- [Work item] An exact reprint of the listing is required, with no pictures included.
#### Supplied material ####
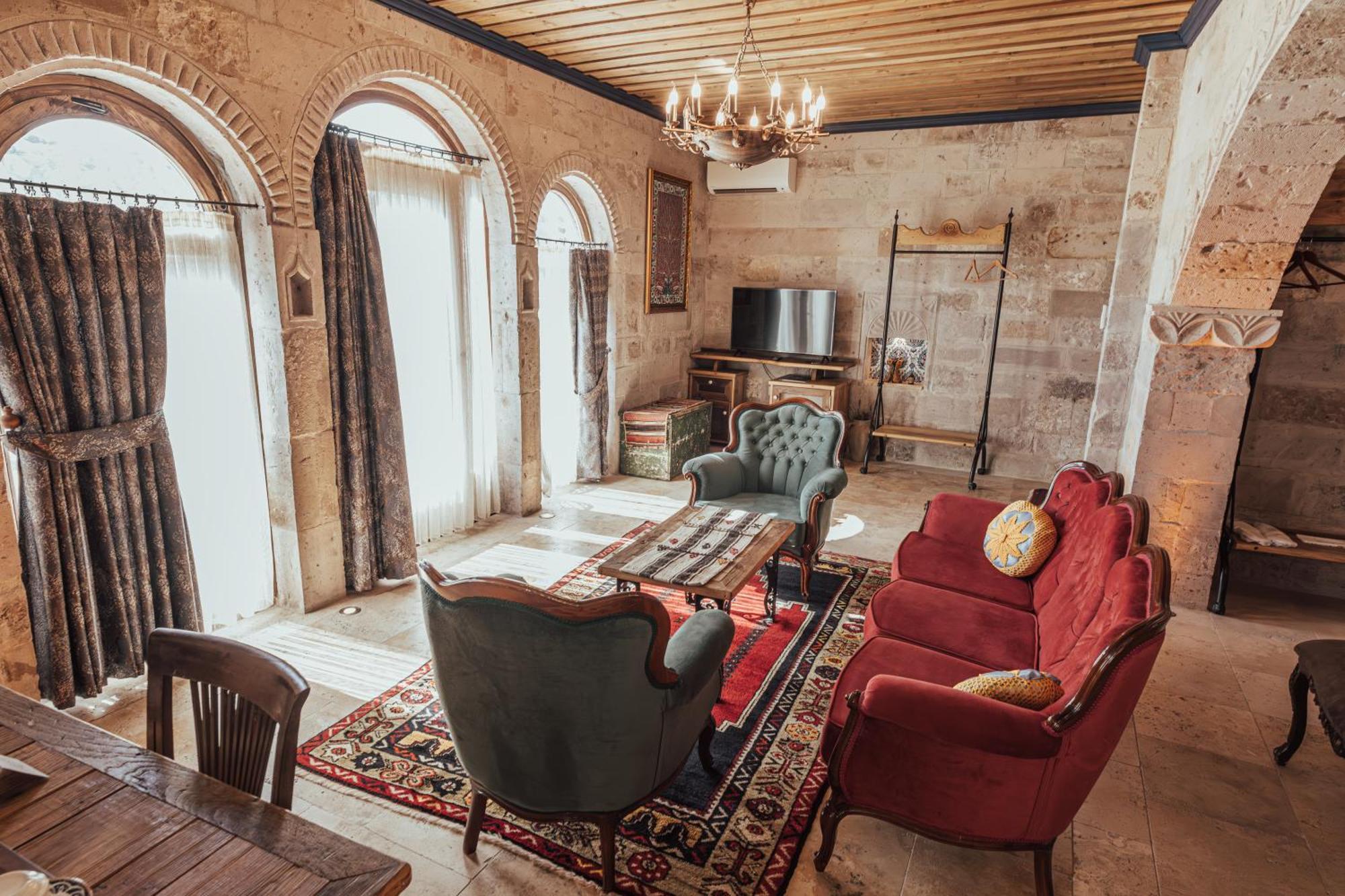 Sah Saray Cave Suites Halal Hotel ギョレメ エクステリア 写真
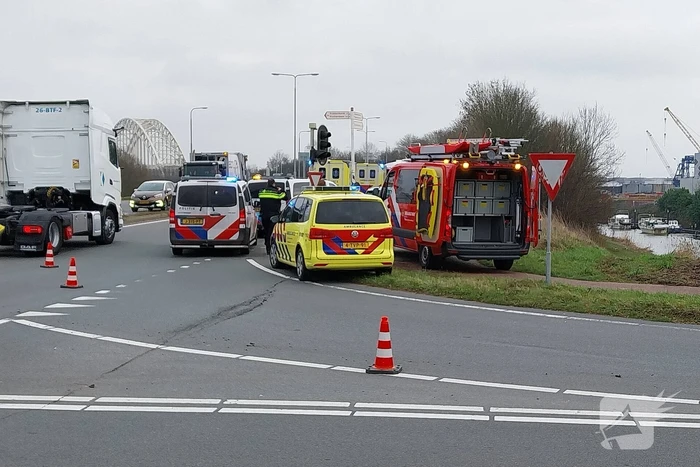 Voertuig te water veel hulpdiensten ingezet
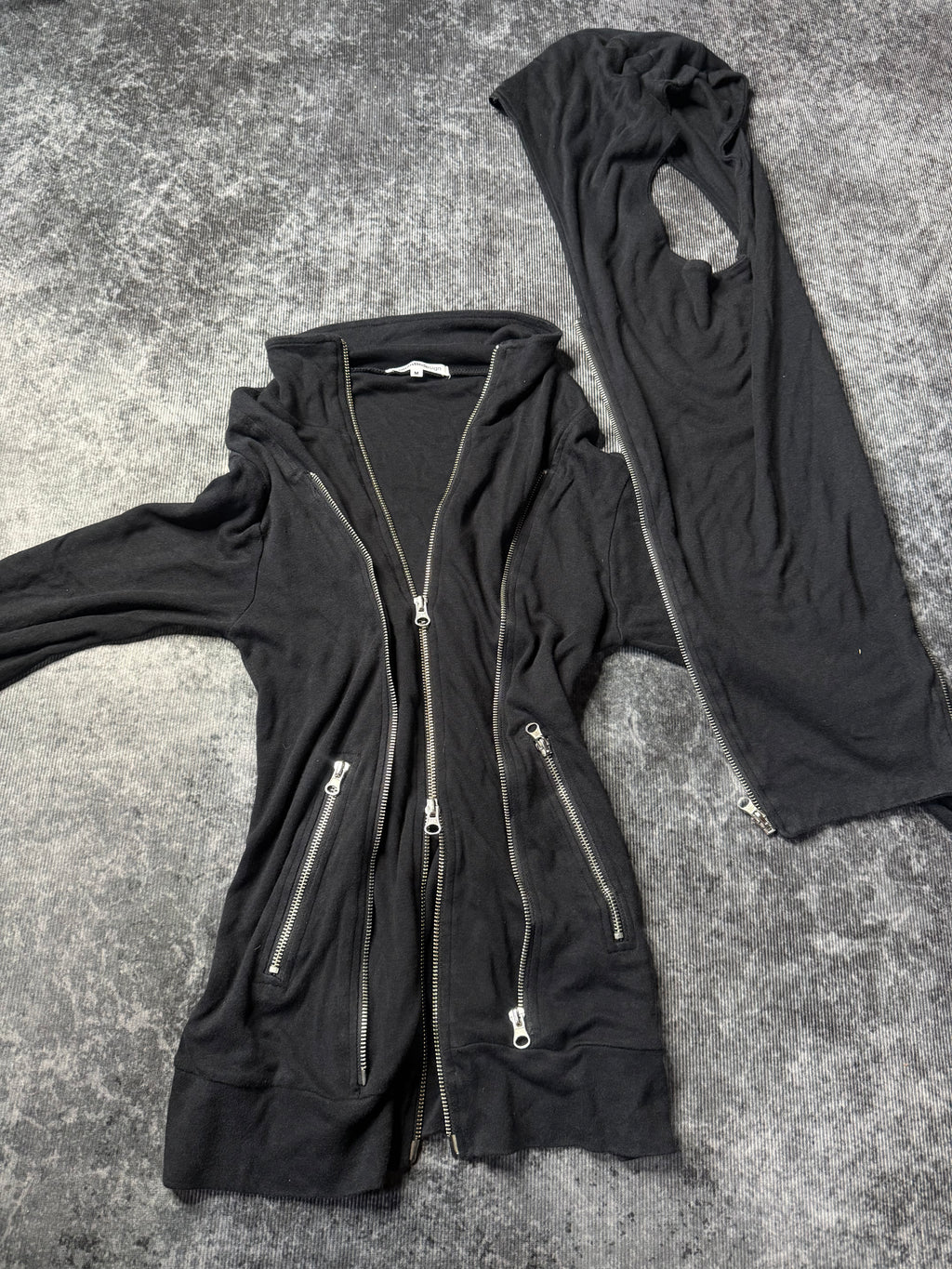 580726BAD2WEAR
####
- [Response area]
 Sah Saray Cave Suites Halal Hotel ギョレメ エクステリア 写真
 Voertuig te water veel hulpdiensten ingezet
 580726BAD2WEAR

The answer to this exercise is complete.